**WHAT THE TASK REQUIRES**
Starting at the first line of the records below, reproduce every line up to and including the line with "كريم اساس مات فول كفر", but leave out all pictures.

*** DATA RECORDS Section Begins ***

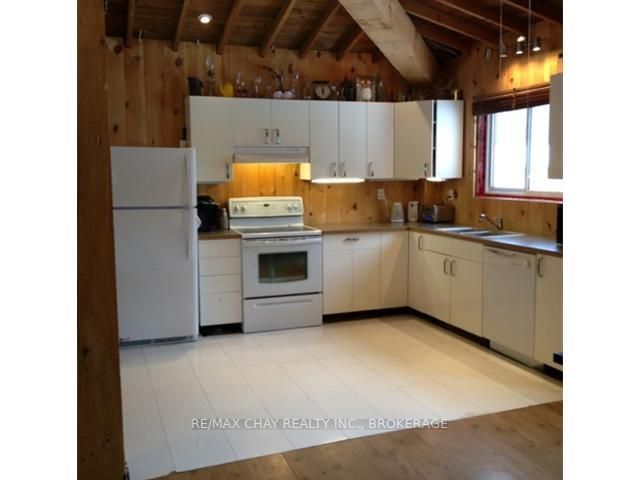 1056 Elm Rd, Innisfil, L0L 1C0 | Image 3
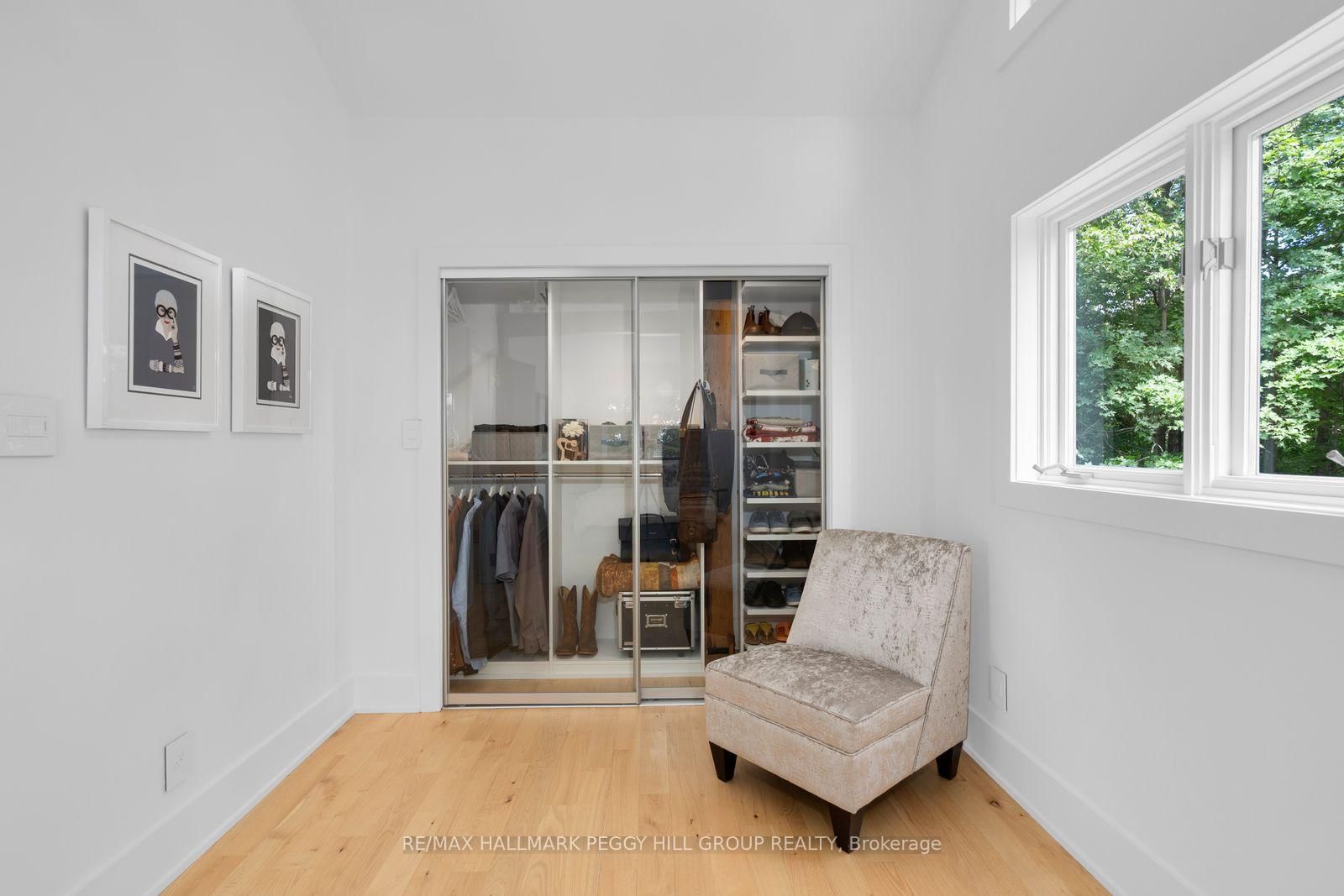 11 Crestwood Drive • Barrie, ON photo 16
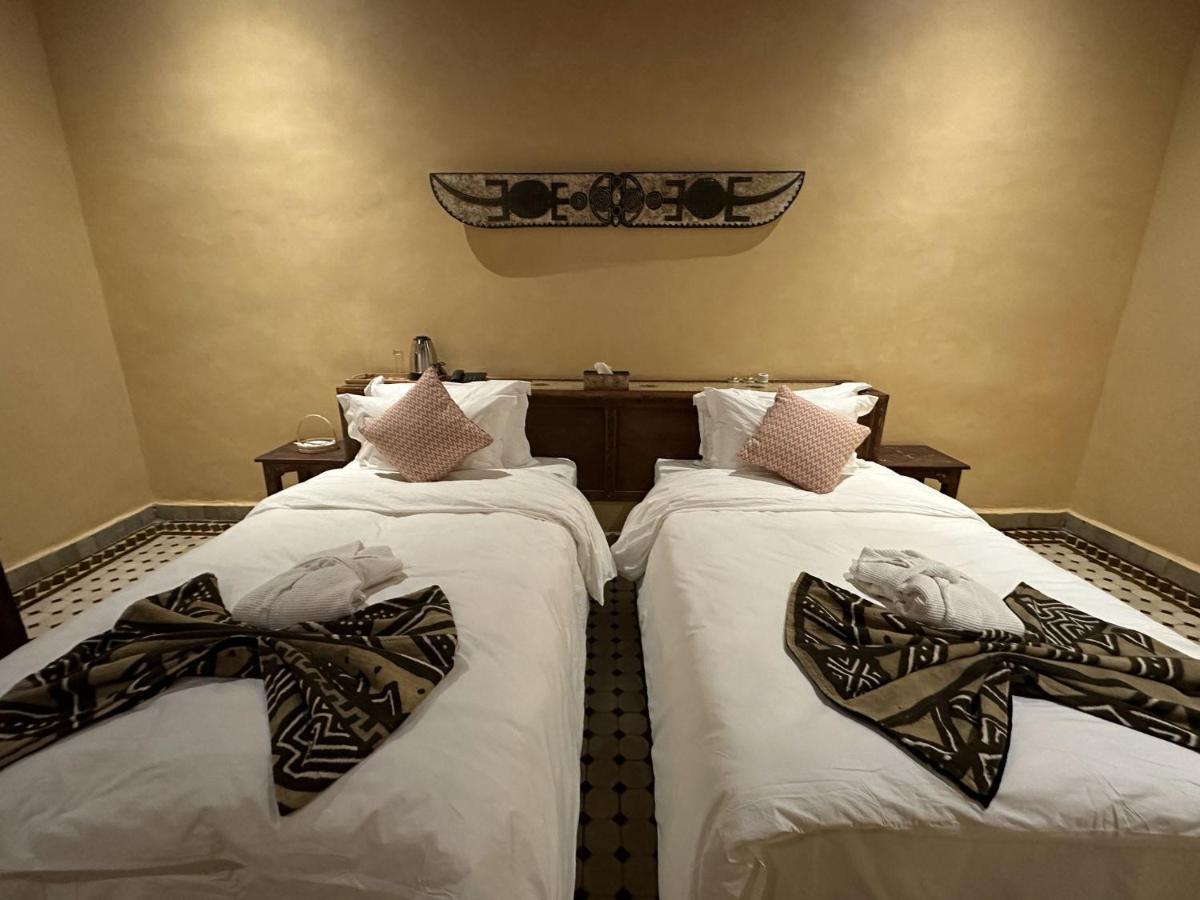 Hotel Riad Xaluca Мерзуга Экстерьер фото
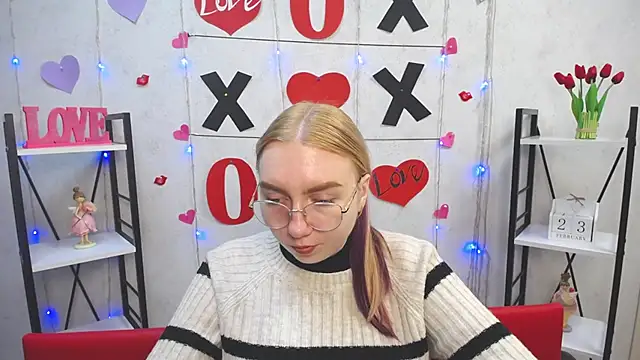 BeatriceFly online show from 02-23-25, 12:16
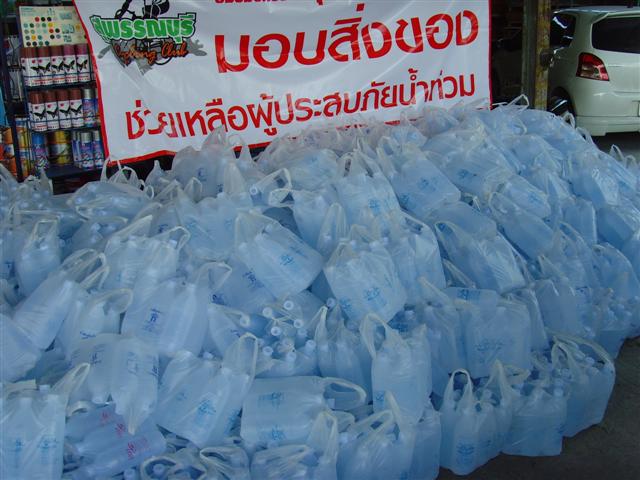 ช่วยน้ำท่วม 073 (Small).jpg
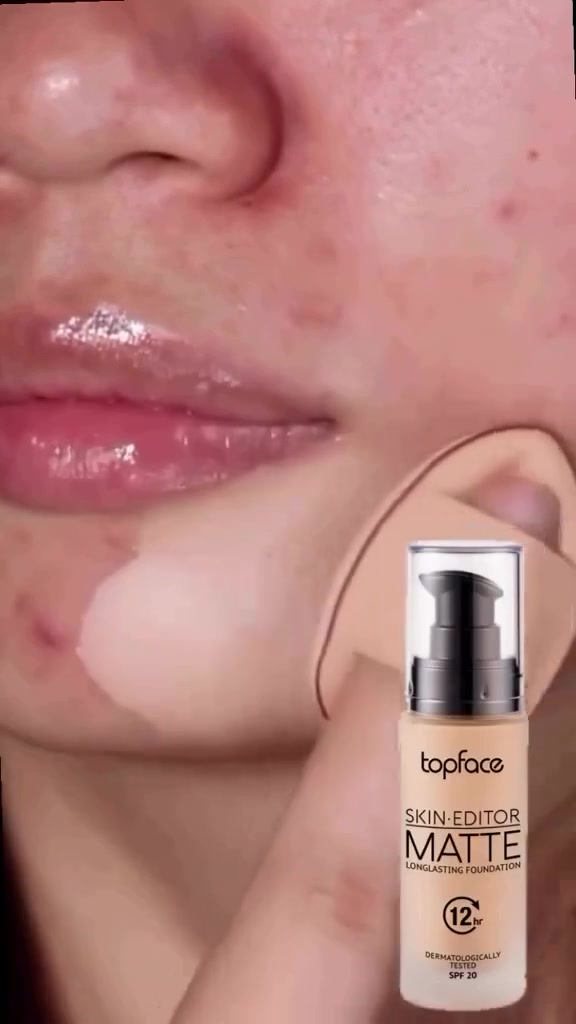 كوزمتك اسينات
كوني متميزه معنا 
نحن نصنع الابداع وانتم الاناقه
Topface 
فاونديشن توب فيس 
كريم اساس مات فول كفر 
 مرمم للبشرة ويكسب الوجه مظهر طبيعي غير لامع كما انه يمنح البشرة شكل حريري رغم سهولة استعماله 
يحتوي نسبة 20% واقي شمس 
يحمي من اشعة الشمس
متوفر درجات حسب لون البشرة 
العنوان بعقوبة التحرير قرب الغذائية 

مقابل مجمع السلام للتقسيط

توصيل جميع محافظات العراق 

للاستفسار  مراسلة الصفحة‏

*** DATA RECORDS Section Ends ***

**RESULT FOR THIS TASK**
 1056 Elm Rd, Innisfil, L0L 1C0 | Image 3
 11 Crestwood Drive • Barrie, ON photo 16
 Hotel Riad Xaluca Мерзуга Экстерьер фото
 BeatriceFly online show from 02-23-25, 12:16
 ช่วยน้ำท่วม 073 (Small).jpg
 كوزمتك اسينات
كوني متميزه معنا 
نحن نصنع الابداع وانتم الاناقه
Topface 
فاونديشن توب فيس 
كريم اساس مات فول كفر 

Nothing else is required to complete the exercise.